No obstante, debido al avanzado estado de descomposición, se encargó de inmediato la fabricación de un ataúd rústico de cedro con ventanilla de cristal para trasladarlo finalmente hasta Santiago de Cuba, primero sobre parihuelas llevadas por mulos y luego mediante las vías férreas en un vagón de carga del tren de pasajeros que cubría la ruta, según reseña el libro Piedras imperecederas: la ruta funeraria de José Martí.
El féretro del adalid de la nueva guerra hacía entrada en Santiago a las 6:00 de la tarde del día 26 y aunque se aglomeró una multitud en la estación de trenes, el ataúd permaneció escondido en el vagón hasta entrada la noche. A la mañana siguiente, patriotas, conocidos y amigos de José Martí asistieron a Santa Ifigenia para corroborar con sus propios ojos que se trataba de su cadáver.
![Imagen del segundo entierro de Martí en el cementerio Santa Ifigenia](https://www.cubanet.org/wp-content/uploads/2024/05/dos_ri10.webp)
Con el fin de exponerlo ante los incrédulos se le encargó a un soldado español que levantara la tapa y desprendiera las puntillas con su bayoneta. Los testimonios describen una rústica caja de madera precintada por tiras de latas y a un cuerpo “algo descompuesto ya, descansando con la boca abierta y el pelo peinado hacia atrás”. “No había duda alguna, era la misma frente”, escribiría uno de los asistentes.
Poco antes de ser depositado el cuerpo en el nicho 134 de la galería sur del camposanto, el fotoperiodista Higinio Martínez tomaría la única imagen que existe del rostro exangüe de José Martí, instantánea publicada dos semanas más tarde en la primera plana del bisemanario La Caricatura.

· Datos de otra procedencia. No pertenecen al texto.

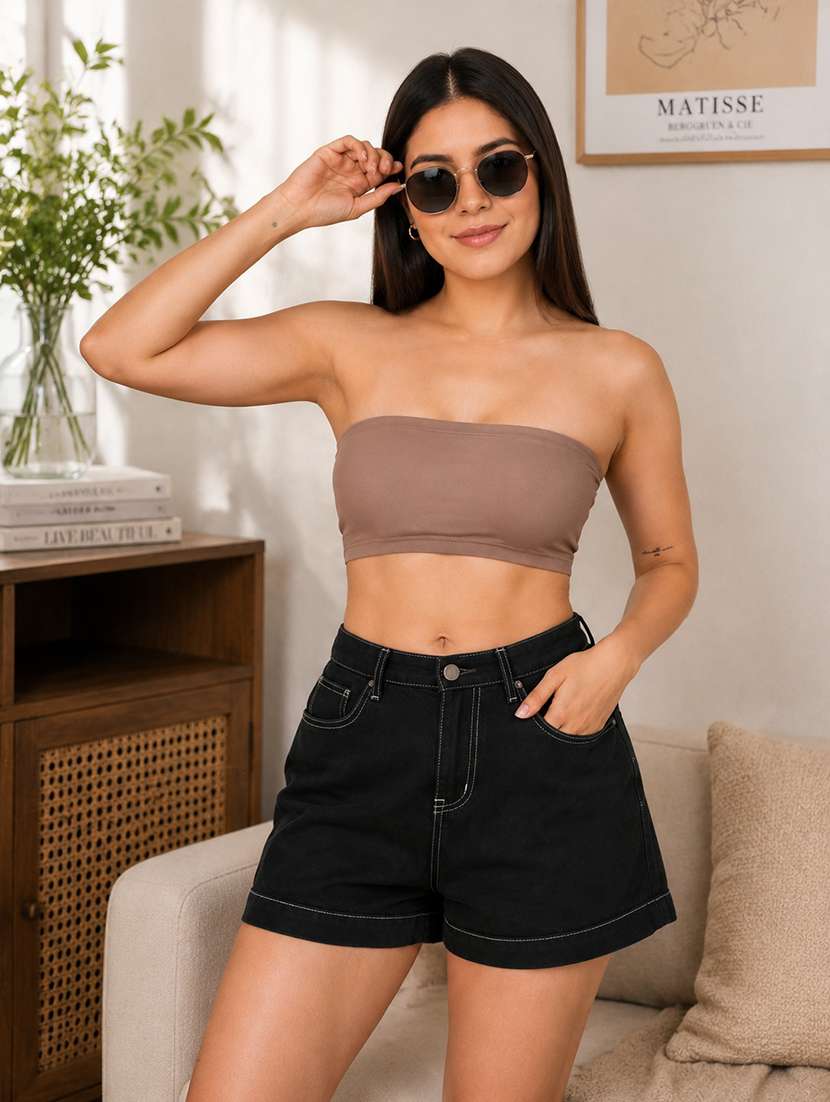 women solid full coverage tube bra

Tras una siguiente exhumación, se constataron fragmentos de piezas de ropa, entre estas una corbata de lazo negra, por lo que los historiadores suponen que en Remanganaguas fue vestido nuevamente antes de colocarlo en el sarcófago. Con sumo dramatismo y cierto respeto quizá, Ximénez de Sandoval pronunció él mismo las palabras de despedida alegando: “No vean en el que está a nuestra vista al enemigo y sí al cadáver del hombre que las luchas políticas colocaron ante los soldados españoles”.

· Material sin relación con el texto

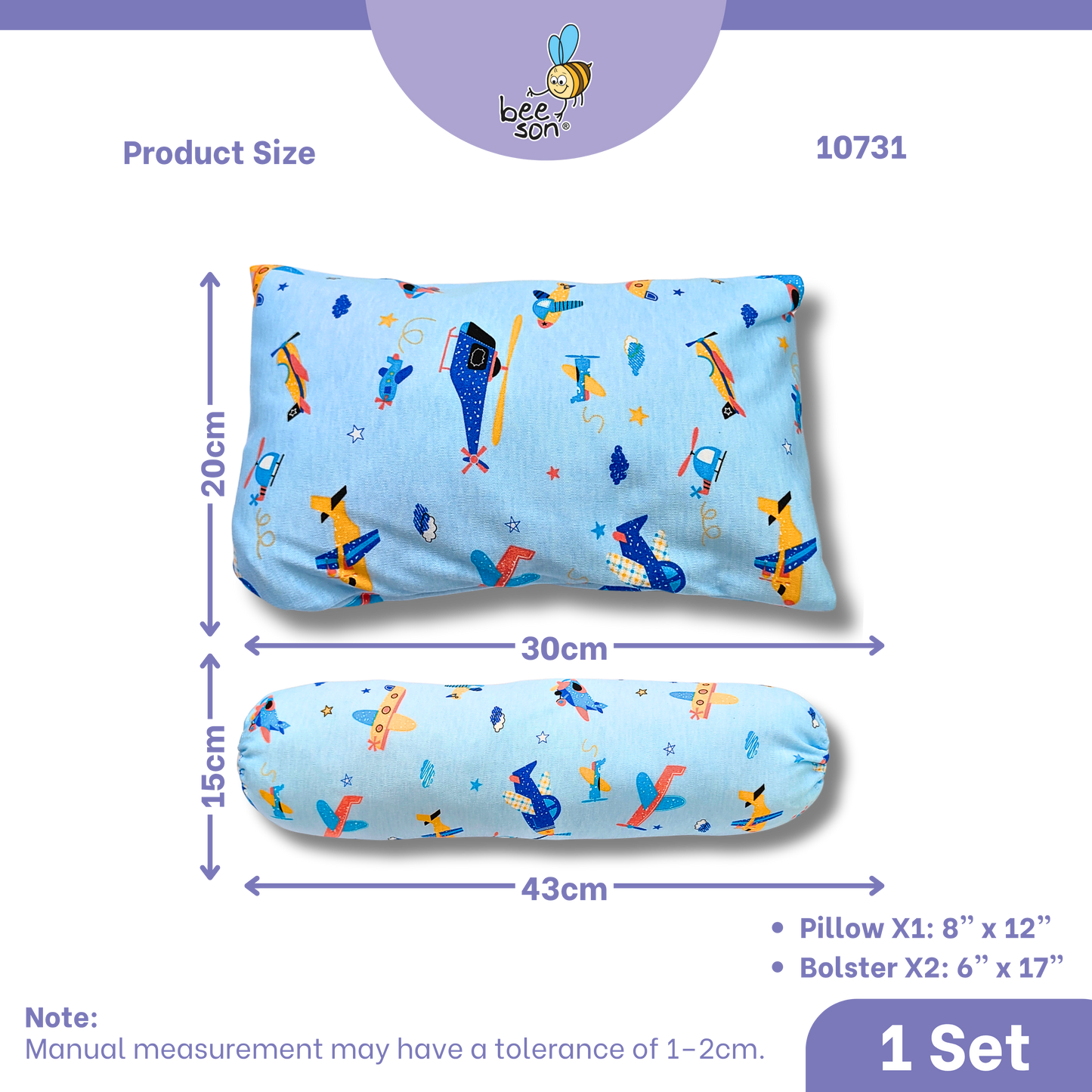 Beeson 3in1 Baby Soft Bedding Set With Pillow & Bolster | 10731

Un año después de la tragedia de Dos Ríos y en el mismo lugar marcado por Loynaz del Castillo con una cruz de madera, peregrinarían los generales Máximo Gómez y Calixto García junto a Fermín Valdés Domínguez y un grupo de soldados. Por orden del dominicano, cada uno dejó caer una piedra extraída del Contramaestre sobre el sitio exacto de la caída, hasta formar una pirámide rústica, un acto que se repitió a modo de homenaje durante toda la guerra de independencia.